Since the 1997 NHIS, income dollar amount ranges have been provided on the NHIS public-use data files. However, survey data may be more useful for policy analysis when income dollar amounts (instead of income ranges) are available in public-use data files. To increase the usability of NHIS income data, NHIS staff created a set of supplemental imputed family income and personal earnings files which contain income dollar amounts. Because respondent confidentiality must be balanced against providing more detailed information, the variables containing the dollar amounts for personal earnings and family income have been top-coded to the 95th percentile of the appropriate distribution. The 95th percentile was calculated separately for each of the 5 imputed family income/personal earnings datasets and then a weighted average of the 5 individual 95th percentile amounts was calculated. The weighted average was rounded to the nearest $1,000 and this weighted average was used to top-code all 5 supplemental imputed personal earnings and family income datasets. The same procedure was used for family income and personal earnings dollar amounts. For all observations which were top-coded, the family income or personal earnings dollar amounts were replaced with the top-coded value. Also, since the 1997 NHIS, poverty ratio ranges have been provided on the NHIS public-use data files. The poverty ratio is a ratio of the family’s income to the appropriate Federal poverty threshold. In the supplemental imputed family income and personal earnings files, the poverty ratio is calculated using top-coded family income and the final calculated poverty ratio value is rounded to 2 decimal places.

Five ASCII data sets containing the supplemental top-coded values for the 2007 survey year are included in the compressed data file (INCIMPS.EXE), which can be downloaded via the Datasets link below. For analyses involving other previously released variables in addition to family income or personal earnings, each set of values from the supplemental imputed family income and personal earnings files can be merged with other data from the 2007 NHIS to create a single completed data set. The imputed values on the supplemental imputed family income and personal earnings files were imputed using multiple imputation, a technique that allows analysts to incorporate the extra variability due to imputation into their analyses. For more information about the correct analysis of multiple imputed data, please refer to the 2007 Imputed Family Income/Personal Earnings Files.

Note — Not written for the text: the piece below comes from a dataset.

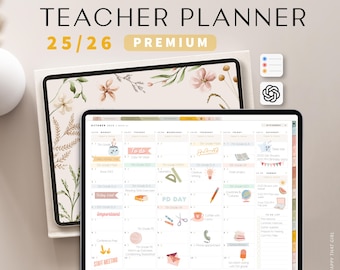 Digital Teacher Planner AUGUST 2025 – JULY 2026 DATED, Lesson Academic Planner, for Goodnotes iPad with ChatGPT Tool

The Dataset Documentation link below opens to a document containing both the file layout description and the frequency counts (in the last page) of selected variables (survey year, imputation number, top-coding flags) for the 2007 survey year. A sample SAS program which can be used to create SAS datasets for each of the 5 supplemental imputed family income and personal earnings data files is available from the Sample SAS Input Program link below. Users are also encouraged to check the NHIS website for updates and to subscribe to the NHIS Listserv to receive notices of any corrections/updates.

For the 2007 NHIS Family File, an error in the variable RAT_CAT3 was discovered after the data file was released. RAT_CAT3 is a recoded poverty ratio variable which is created from several different variables. When the size of the family was 2 or less and the family’s income was at least $35,000 but was less than $50,000, RAT_CAT3 should have been set to “99 Unknown”. However, in the released 2007 NHIS Family File, these families actually have a RAT_CAT3 value equal to “17 2.00 – 3.99 (no further detail)”. This data release, which consists of several components, corrects this error. Listed below are links for a revised ASCII file, a SAS program which can be used to create a SAS dataset, and frequency counts for the modified RAT_CAT3 variable. Data users should note that the revised ASCII file only contains the following variables: survey year, household number, family number, and the modified RAT_CAT3 variable. This allows the information contained in the revised ASCII file to be merged with the data from the previously released family file. Data users should also note that the previously released 2007 Imputed Family Income/Personal Earnings files are not affected by this change.